事業内容
助川電気工業は1949年創業、茨城県高萩市を主要拠点とする電気機械・精密機械メーカー。シース型熱電対・シーズヒーター・電磁ポンプ等「熱と計測」に関わる製品群を中核に、エネルギー関連(原子力・核融合向け温度制御・試験研究設備)と産業システム関連(半導体・FPD・自動車・鉄鋼等製造装置向け)の2セグメントで事業を展開。
主要顧客は量子科学技術研究開発機構・日立GEベルノバニュークリアエナジー等の研究機関・エネルギー企業および産業装置メーカー。東京証券取引所スタンダード市場上場。
ビジネスモデル
受注生産方式を採用し、顧客の仕様に応じた高度な「熱と計測」製品を設計・製造・販売する。エネルギー関連では原子力・核融合向け試験研究設備等の大型案件、産業システム関連ではシース熱電対・シーズヒーター等の量産品を組み合わせ収益を確保。
2025年9月期の営業利益率は21.3%に達しており、人員配置最適化・多能工化による生産効率向上が利益率改善に寄与している。
企業の強み
売上高は2021期3,698百万円から2025期5,468百万円へ4期で約48%増加。営業利益は同期間293百万円から1,165百万円へ約4倍に拡大。2025期の営業利益率は21.3%に達し、収益性の継続的改善が数値で裏付けられている。
2025期のエネルギー関連受注高は4,148百万円(前期比187.2%増)、受注残高は3,553百万円(同164.2%増)に急拡大。売上高の約8ヶ月分に相当する受注残高が積み上がっており、中期的な売上の視界が確保されている。
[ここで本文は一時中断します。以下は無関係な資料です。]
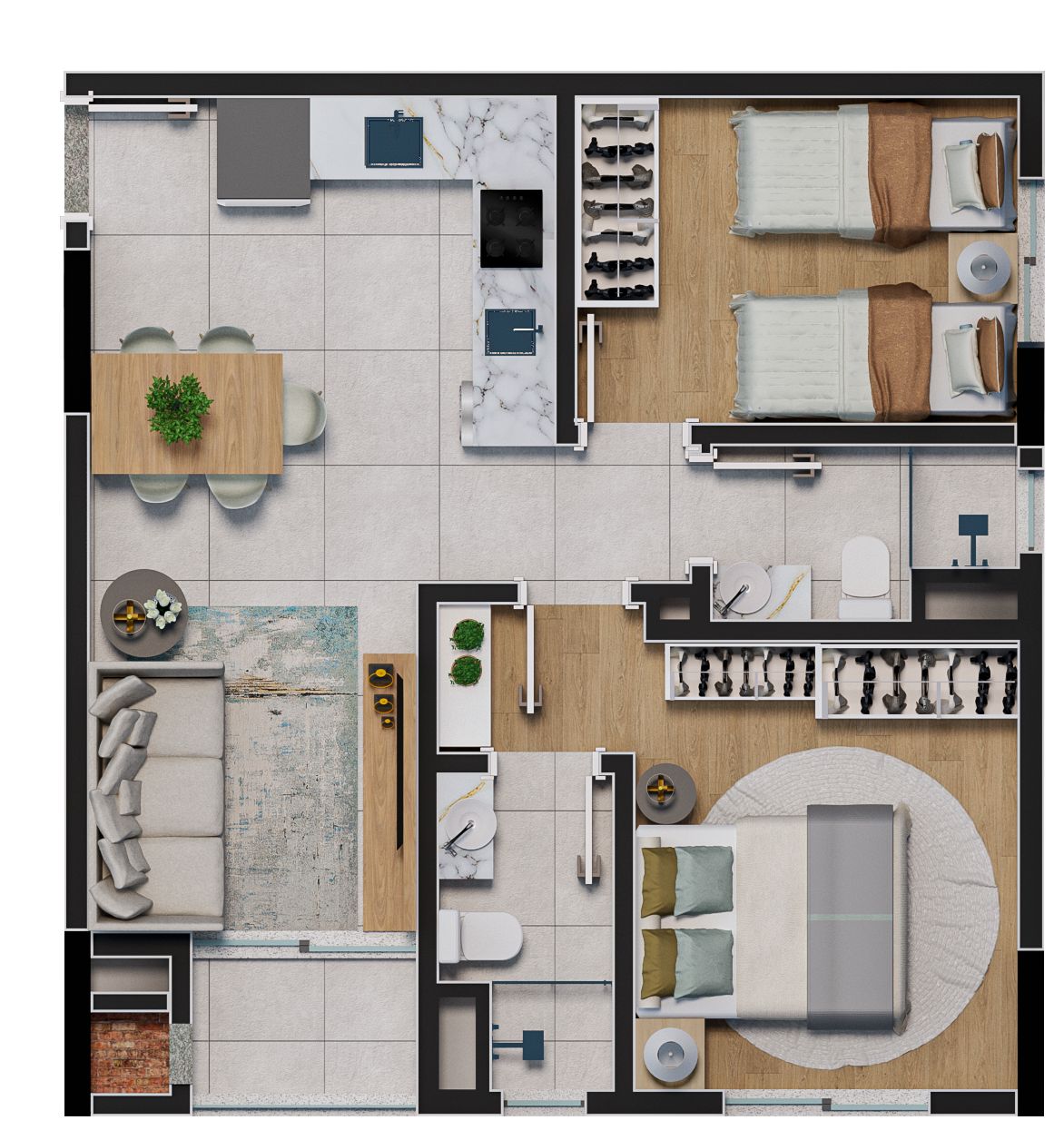 Apartamento, 1 quarto, 32 m² - Foto 34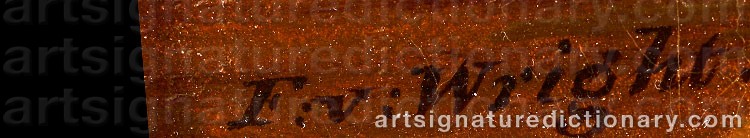 Signature by Ferdinand Von WRIGHT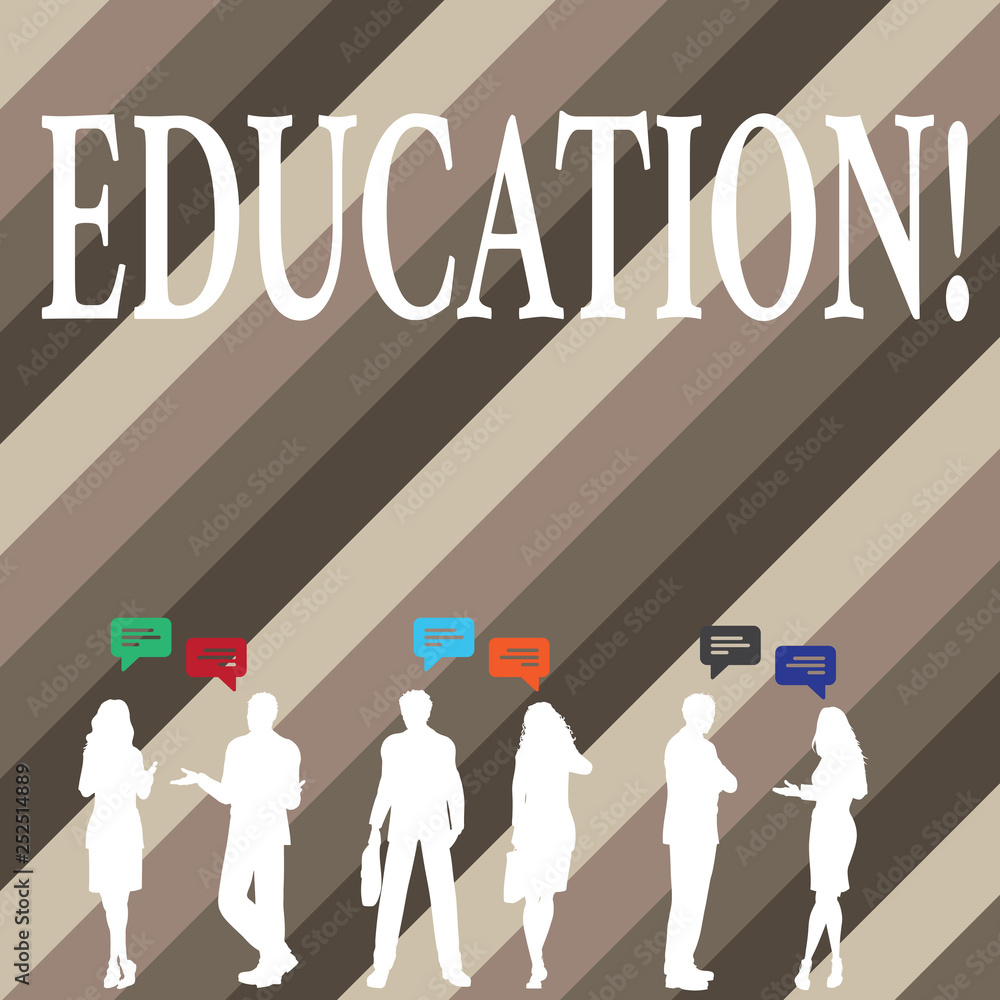 Poster writing note showing education. business photo showcasing teaching of students by implementation of 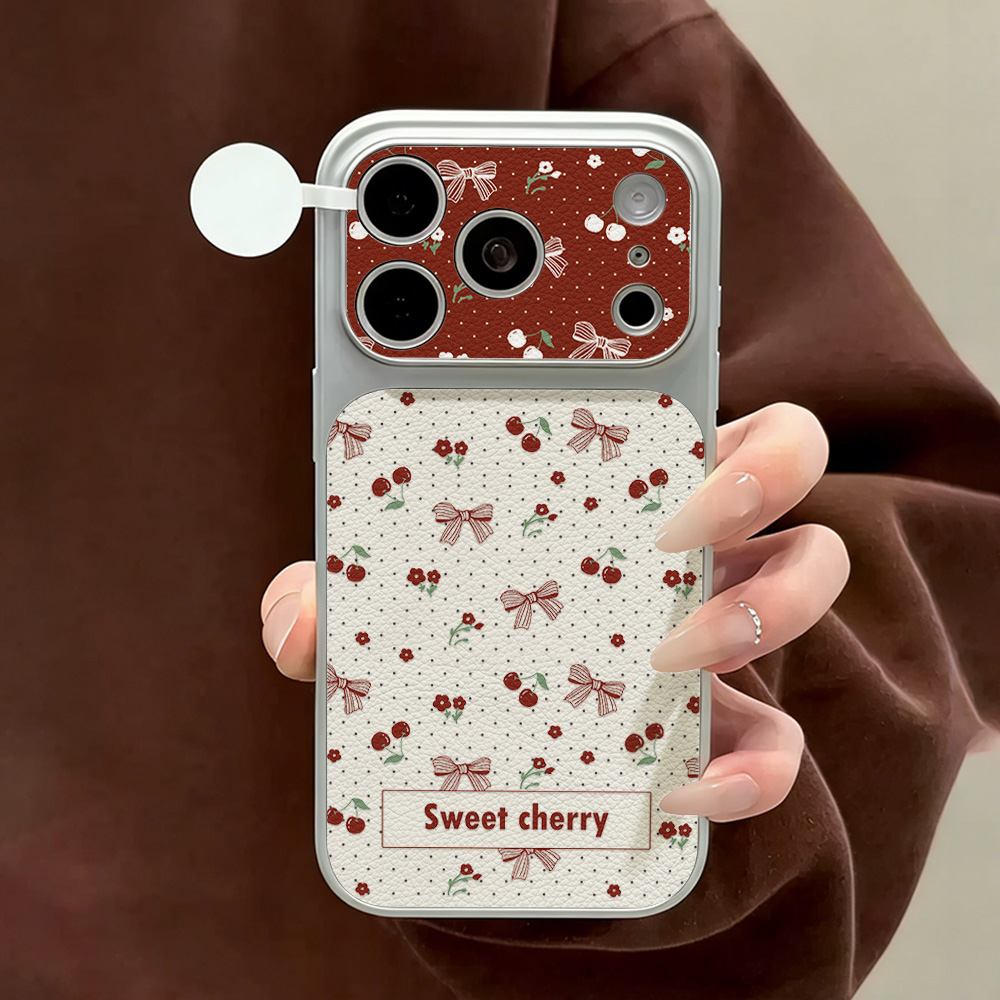 Tatlı Kiraz Fiyonklu Deri Tele - Phone Cases With Camera Cover incelemesi ve fiyatı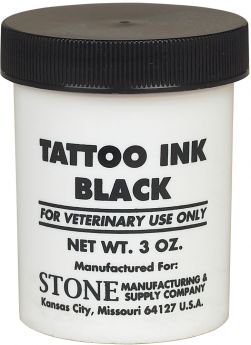 Tattoo Ink Jar, Black, 3oz 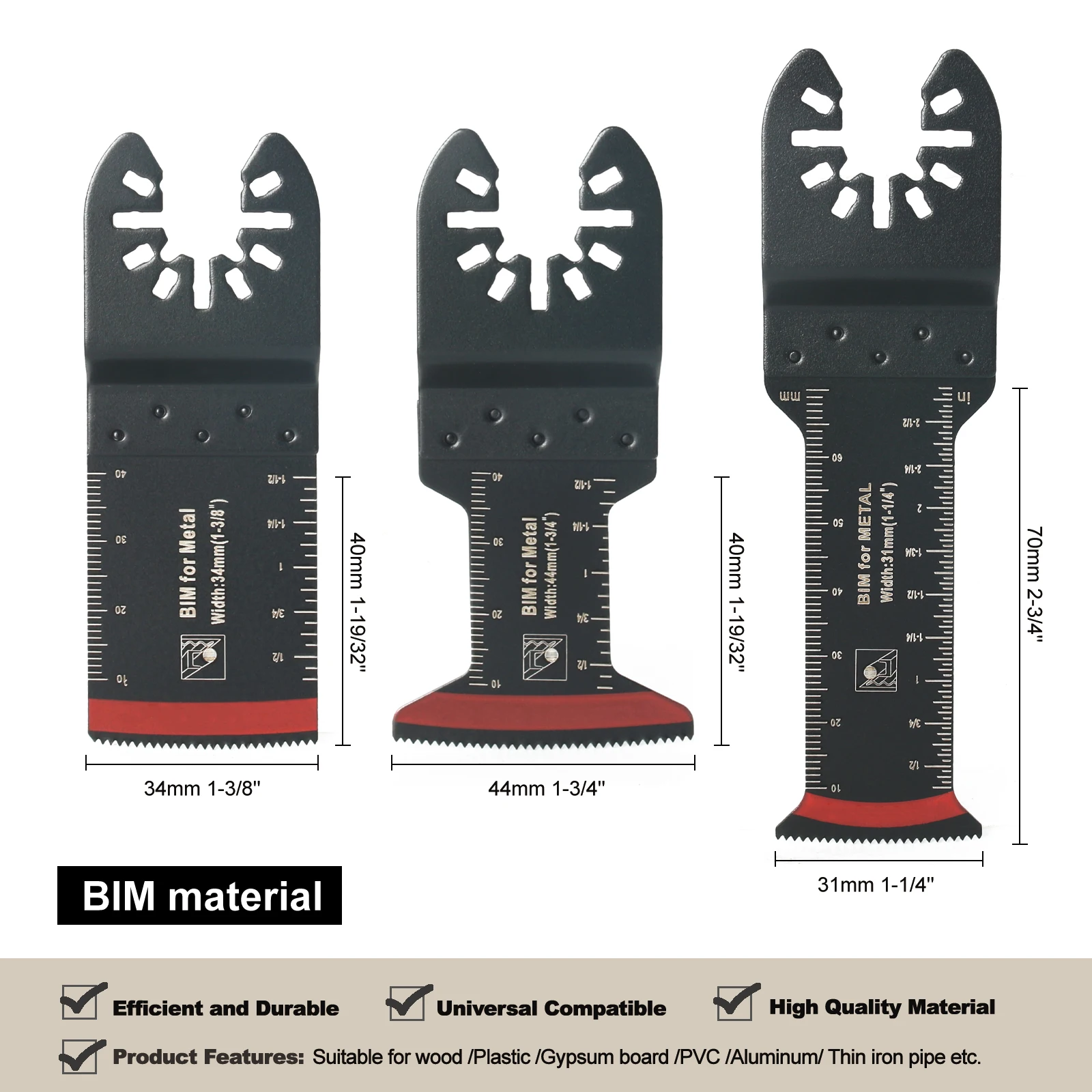 Kit de lâmina de serra oscilante de carboneto de dente japonês 10-39 peças lâminas multiferramenta oscilantes de borda de arco corte preciso para madeira pvc ferro - Imagem 3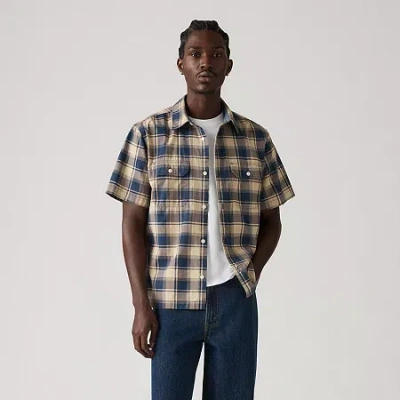 Levi 's Mens Short Sleeve Button-down Shirt In Blue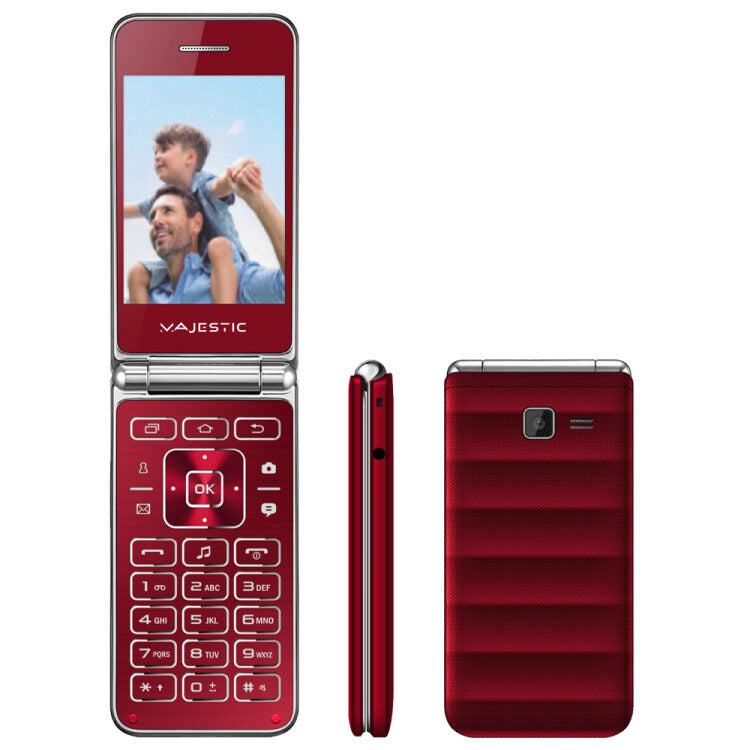 New Majestic 300080_RD cellulare 7,11 cm (2.8") 105 g Rosso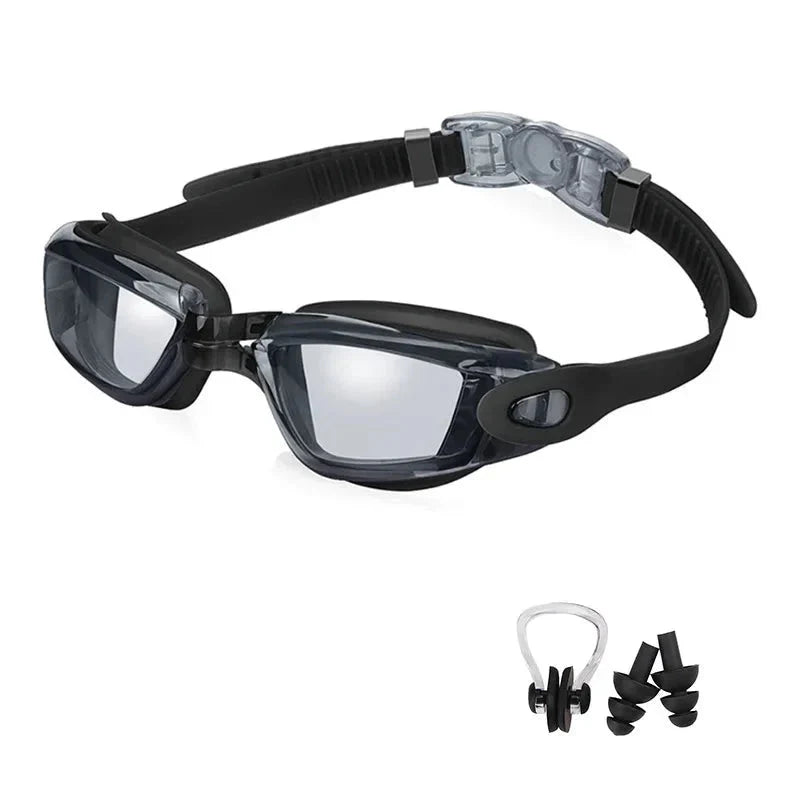 Anti-Fog Swimming Goggles Adjustable UV Protection for Adults & Kids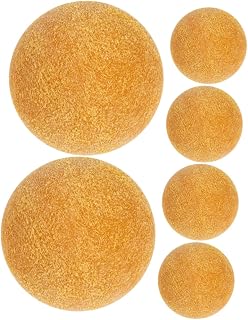 6 Piezas Bolas de Repuesto para Futbolín de Mesa Plástico Estable Compatibles Mayoría de Futbolines Estándar Accesorios para Fútbol de Mesa Color Amarillo Mate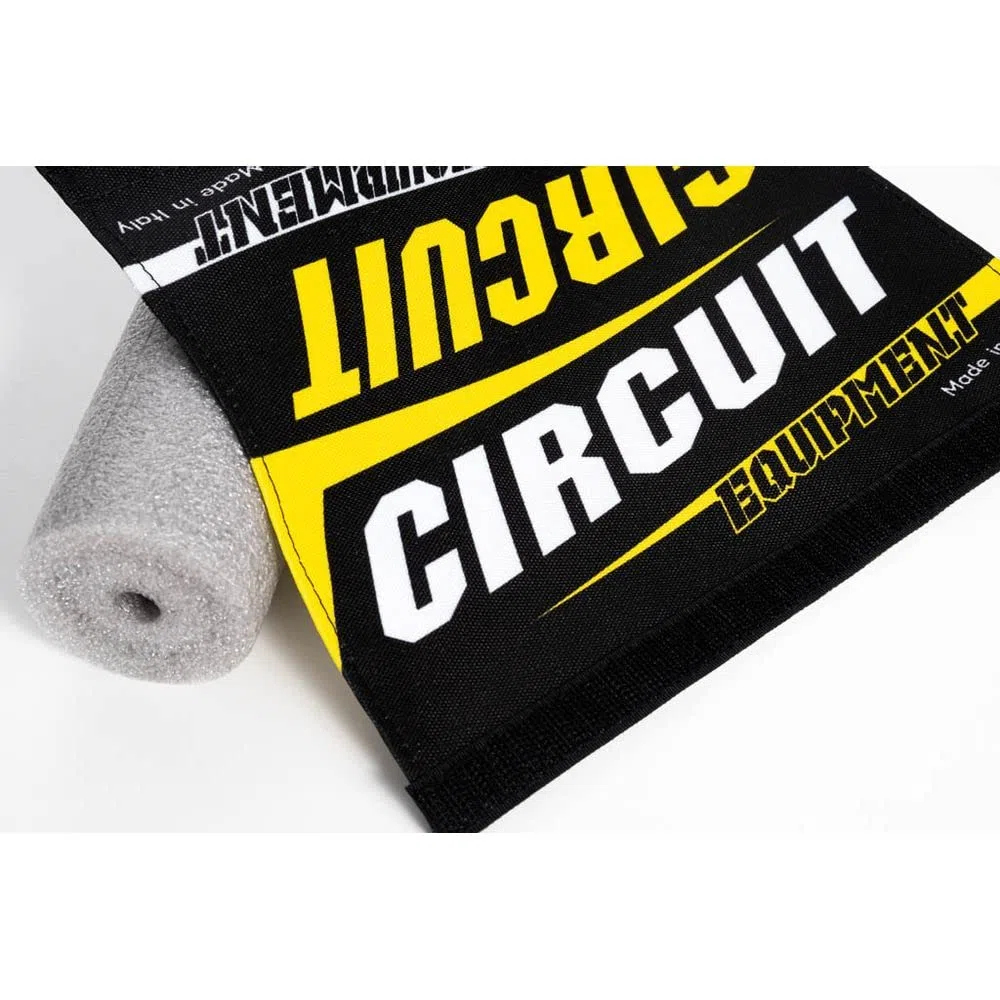 Circuit Equipment – Paracolpi Manubrio MXIII in Foam con Cover in Tessuto Poliestere Stampato – Giallo – vestibilità Universale – 273 mm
2025期末の純資産合計は4,890百万円、自己資本比率は64.8%(前期59.9%から改善)。負債合計は2,656百万円と前期比163百万円減少し、営業CFは826百万円(前期比308.2%増)と資金創出力も高い。無借金に近い財務構造が事業継続性を支えている。
エンヴァリスの着眼点
業績トレンド
2026年9月期中間期(2025年10月〜2026年3月)は売上高3,108百万円(前年同中間期比5.0%増)、営業利益784百万円(同12.1%増)、経常利益791百万円(同12.2%増)、中間純利益561百万円(同13.2%増)。売上総利益率は39.0%(前年同中間期37.4%)に改善。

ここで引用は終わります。